Passando dalla tradizione all’innovazione abbiamo chiesto ai dottori Andrea Foti, Annalisa Pignataro e Benedetta Laura Sasso, Biologi Nutrizionisti dell'Istituto Europeo per la Dieta Mediterranea – Medì, di illustrarci le proprietà della canapa.

Cos'è e quali sono le sue proprietà alimentari

Dall’Asia Centrale alle nostre tavole, sacra per gli hindu e utilizzata già nel 1500, la canapa offre a chi ne fa uso numerosi benefici: scopriamoli insieme e impariamo ad utilizzarla anche in cucina.

La canapa o cannabis è un genere di piante Angiosperme della famiglia Cannabaceae. Si distingue in due tipi: Cannabis sativa e Cannabis indica. Ad oggi la Cannabis sativa è quella più utilizzata per usi industriali e terapeutici.

Non considerata per un lungo periodo, la canapa è oggi tornata in voga e il suo utilizzo in cucina è sempre più diffuso. Per il suo altissimo valore nutrizionale è adatta sia per coloro che seguono un regime alimentare altamente proteico, come atleti e sportivi, sia per chi ha bisogno di compensare la mancanza di proteine animali, come vegani e crudisti.

I prodotti alimentari derivati

I derivati della canapa trovano spazio in cucina per la preparazione di ricette come antipasti, primi, secondi, snack e dolci; si distinguono farina, olio e latte ottenuti dai semi e dalle foglie. Entriamo nello specifico e scopriamo i benefici di ognuno di essi.

Foglie di canapa: proprietà e uso

Le foglie di canapa, ricche di antiossidanti, vengono solitamente impiegate per la preparazione di tisane dalle proprietà miorilassanti.

Semi di canapa: proprietà e uso

I semi di canapa sono altamente proteici, per il loro contenuto in aminoacidi essenziali, e sono inoltre ricchi di oligoelementi come potassio, magnesio e vitamina E. La presenza di grassi polinsaturi li rende un alleato contro le malattie cardiovascolari, arteriosclerosi, eczemi, acne e malattie del sistema respiratorio. Ma come utilizzarli in cucina? I semi di canapa, crudi o tostati, vengono usati per arricchire impasti, yogurt, zuppe, minestre, insalate e macedonie.

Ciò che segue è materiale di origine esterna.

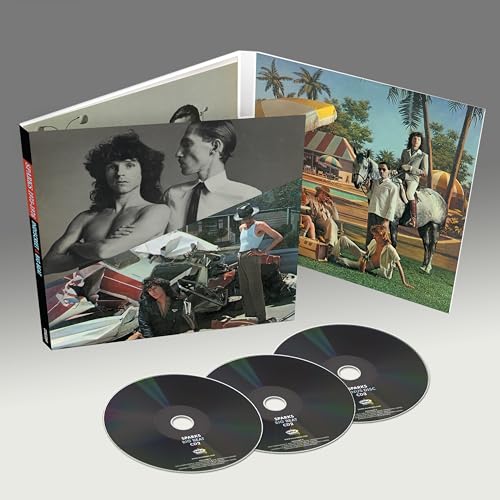 Open deluxe CD case for Sparks 75-76 with three discs arranged in front.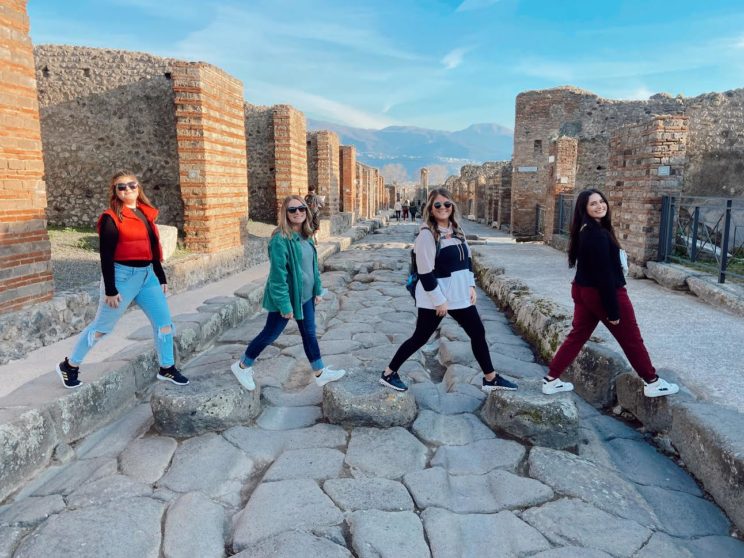 Faulkner students crossing a cobble pathway.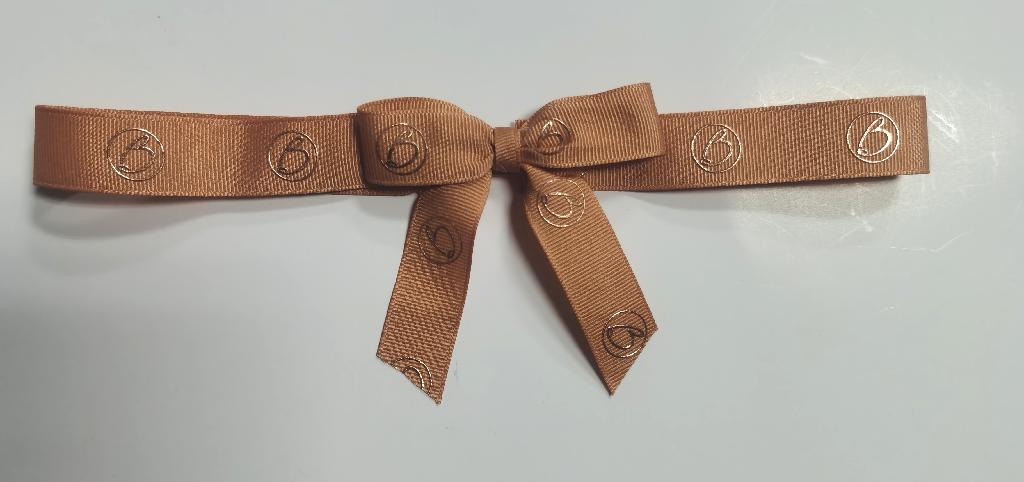 Two strips of grosgrain textile material cut to a specified length, then attached by a short strip of elastic, then tied in a bow with a knot so that the loop is a specified diameter, with bow span and tail ends of a specified length.  This is a made up decorative item for packaging.  The completed item is imported in this manner.
Woven from PET polyester thread.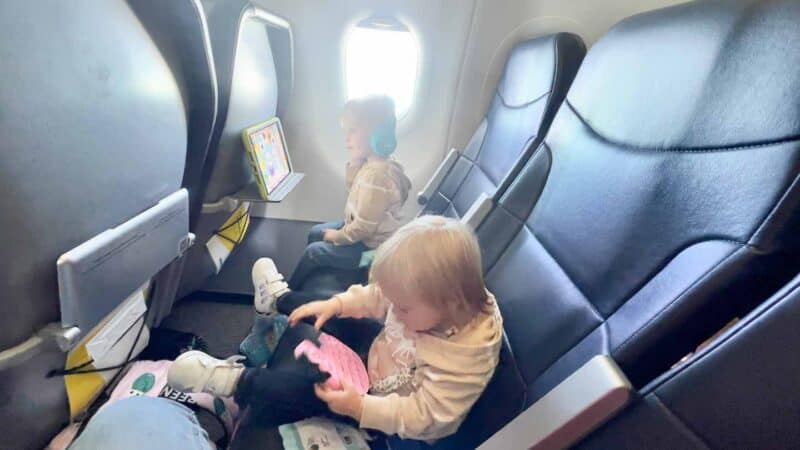 toddlers flying with toys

Olio di canapa: proprietà e uso

L'olio di canapa si ottiene, mediante estrazione, dai semi di canapa. Offre una grande concentrazione di antiossidanti e di acidi grassi essenziali come Omega-3, Omega-6 e acido linoleico. Viene impiegato a crudo, oltre ad essere utilizzato nel campo della fitocosmesi, efficace nel trattamento di psoriasi, eczema atopico, acne e pelle grassa. Per evitare che irrancidisca e per mantenere inalterate le proprietà benefiche, si consiglia di conservarlo in un luogo fresco e lontano da fonti di luce.

Farina di canapa: proprietà e uso

Ciò che rimane dei semi di canapa, dopo l’estrazione dell’olio, viene macinato e setacciato per ottenere la farina di canapa, impiegata per la preparazione di prodotti da forno come il pane, la pizza e i biscotti. Essendo priva di glutine, la farina di canapa è indicata anche per soggetti con celiachia.

Latte di canapa: proprietà e uso

Infine, frullando i semi di Canapa sativa con acqua, si ottiene il latte di canapa. Si tratta di un drink vegetale privo di lattosio e colesterolo, ottimo per chi soffre di ipercolesterolemia e in caso di regimi alimentari crudisti, vegetariani e vegani.

Controindicazioni e quantità giornaliera massima

Eventuali effetti collaterali si possono manifestare in seguito all’uso eccessivo di semi di canapa. In particolare, la loro assunzione potrebbe interferire con l'azione di farmaci anticoagulanti. Inoltre, avendo un elevato contenuto lipidico, potrebbero causare episodi di diarrea. Il consiglio, quindi, è quello di iniziare con piccole quantità, fino ad arrivare alla dose raccomandata pari a 2 cucchiaini al giorno.